If you don’t know how many cents per mile you pay, you have little idea if you are properly reimbursing employees for use of their vehicles. If you don’t know your employees actual vehicle expenses, you have little idea if you are actually meeting them.

But, “My drivers never complain about mileage”. The article I posted said that employees need not inform or complain to employers before filing suit. Will you find out the via a summons that you underpaid?

Advice to Delivery Business Clients:

If you are paying your delivery drivers a flat rate for automobile expenses on a per delivery basis, you may not be sufficiently reimbursing your delivery drivers for the expenses they have actually incurred. As a result, you may be exposing yourself to potential claims for minimum wage violations under FLSA and your state’s employment laws. Since your delivery drivers are not required to give you notice of the allegedly insufficient reimbursement before pursuing federal claims (and possibly state claims) against you, it is important for you to be proactive. Talk to your delivery drivers, find out the actual amount of their automobile expenses, and set your flat rate at a level that adequately reimburses these expenses. To ensure your delivery drivers are being reimbursed for any expenses they incur above the flat rate, you may want to consider establishing a policy to allow for additional reimbursement. By requiring delivery drivers who claim expenses in excess of the flat rate to submit documentation quantifying these expenses, you can make sure your delivery drivers are being sufficiently reimbursed, and you can successfully avoid any potential claims for minimum wage violations.

To those of you who provide vehicles for your drivers, and those of you who fully reimburse drivers for vehicle expenses, thank you! Obviously none of this pertains to you.

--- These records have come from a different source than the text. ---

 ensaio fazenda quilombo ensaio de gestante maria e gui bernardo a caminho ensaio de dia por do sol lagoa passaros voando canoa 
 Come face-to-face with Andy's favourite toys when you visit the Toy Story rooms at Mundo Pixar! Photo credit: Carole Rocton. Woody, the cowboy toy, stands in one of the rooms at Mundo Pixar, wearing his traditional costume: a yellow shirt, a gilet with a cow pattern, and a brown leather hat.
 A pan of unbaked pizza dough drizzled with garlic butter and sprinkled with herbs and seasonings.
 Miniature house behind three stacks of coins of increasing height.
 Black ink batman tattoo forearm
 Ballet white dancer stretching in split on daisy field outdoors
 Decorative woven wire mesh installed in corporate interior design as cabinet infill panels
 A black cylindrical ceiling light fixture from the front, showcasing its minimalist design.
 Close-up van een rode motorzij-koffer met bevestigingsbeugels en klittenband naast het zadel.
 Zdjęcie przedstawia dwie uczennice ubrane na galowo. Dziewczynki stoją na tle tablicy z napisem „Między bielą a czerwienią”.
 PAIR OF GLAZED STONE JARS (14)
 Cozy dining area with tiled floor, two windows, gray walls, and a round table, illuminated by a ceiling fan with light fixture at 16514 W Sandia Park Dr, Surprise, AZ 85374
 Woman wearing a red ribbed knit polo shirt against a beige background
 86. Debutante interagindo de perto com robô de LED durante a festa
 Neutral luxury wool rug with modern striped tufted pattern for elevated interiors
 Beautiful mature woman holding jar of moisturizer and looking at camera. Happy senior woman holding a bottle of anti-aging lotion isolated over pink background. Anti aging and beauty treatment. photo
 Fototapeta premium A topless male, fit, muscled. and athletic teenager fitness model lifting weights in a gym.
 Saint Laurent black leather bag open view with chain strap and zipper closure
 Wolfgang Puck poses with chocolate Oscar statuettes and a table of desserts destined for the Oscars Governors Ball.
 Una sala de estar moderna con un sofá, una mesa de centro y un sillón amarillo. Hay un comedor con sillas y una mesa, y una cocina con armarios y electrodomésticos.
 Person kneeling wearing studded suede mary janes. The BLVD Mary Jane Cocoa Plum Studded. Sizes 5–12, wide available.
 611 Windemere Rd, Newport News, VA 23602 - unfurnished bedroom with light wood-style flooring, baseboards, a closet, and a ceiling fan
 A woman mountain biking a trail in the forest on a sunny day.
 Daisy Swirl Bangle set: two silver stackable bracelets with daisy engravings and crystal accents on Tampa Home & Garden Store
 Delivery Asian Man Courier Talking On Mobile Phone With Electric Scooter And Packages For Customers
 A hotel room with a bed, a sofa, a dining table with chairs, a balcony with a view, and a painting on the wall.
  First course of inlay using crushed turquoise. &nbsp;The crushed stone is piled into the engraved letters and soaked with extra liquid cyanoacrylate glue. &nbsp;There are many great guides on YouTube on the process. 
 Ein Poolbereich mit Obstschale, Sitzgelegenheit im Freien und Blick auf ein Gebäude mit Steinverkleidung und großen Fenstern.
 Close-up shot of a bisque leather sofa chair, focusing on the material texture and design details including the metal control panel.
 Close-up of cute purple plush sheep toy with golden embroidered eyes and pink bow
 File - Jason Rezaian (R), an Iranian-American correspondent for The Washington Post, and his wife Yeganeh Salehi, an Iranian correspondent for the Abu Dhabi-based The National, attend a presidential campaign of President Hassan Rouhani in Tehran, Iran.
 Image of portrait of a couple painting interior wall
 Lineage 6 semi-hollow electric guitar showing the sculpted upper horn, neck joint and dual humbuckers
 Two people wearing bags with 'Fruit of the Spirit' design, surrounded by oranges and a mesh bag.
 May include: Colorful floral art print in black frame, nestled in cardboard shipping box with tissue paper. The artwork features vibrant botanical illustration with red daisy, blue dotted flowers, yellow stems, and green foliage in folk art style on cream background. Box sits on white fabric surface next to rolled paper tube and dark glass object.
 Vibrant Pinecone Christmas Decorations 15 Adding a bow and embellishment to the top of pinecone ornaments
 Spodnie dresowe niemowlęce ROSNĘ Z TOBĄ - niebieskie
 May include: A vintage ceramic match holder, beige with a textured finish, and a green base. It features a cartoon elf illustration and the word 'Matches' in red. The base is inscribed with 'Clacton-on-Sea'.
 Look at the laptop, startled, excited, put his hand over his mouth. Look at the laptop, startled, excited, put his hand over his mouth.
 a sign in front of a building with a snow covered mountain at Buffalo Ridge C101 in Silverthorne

Putting these two sentences at the end of months and months and scores of posts really doesn’t ameliorate the message you have been pounding over and over that drivers are poorly treated by employers and the employers are money grubbing abusers (I paraphrase here a bit). Perhaps, if your intent is to present a more accurate case, you would present a more balalnced arguemt throughout the demagoguery and point out that this is not a broad brush that paints everyone, and that there are quite a few employers (dare I say ‘most’?) that are diligent in compensating their employess according to legal requirements . . . and then some.

NicksPizza, the last time I remember you and me discussing minimum wage issues, you said that your drivers do NOT get federal minimum wage and that the FLSA did not apply to your store, and I pointed out that if your employees process credit cards, then they are subject to the FLSA minimum wage. Your response (as I understand it ) was that none of your employees ever process CC’s, but that managers are the only employees who do.

Do I have a proper understanding of how things work at your store, or am I mistaken?

“Obviously none of this pertains to you.”

The ‘broad brush’ I paint with only applies to those who are not in compliance with federal and state minimum wage laws. If you feel the ‘overspray’ has wrongly tainted you somehow, I’d be happy to discuss the specifics with you and iron out any misunderstandings. Why should anyone ‘feel’ guilty when they’ve done nothing wrong?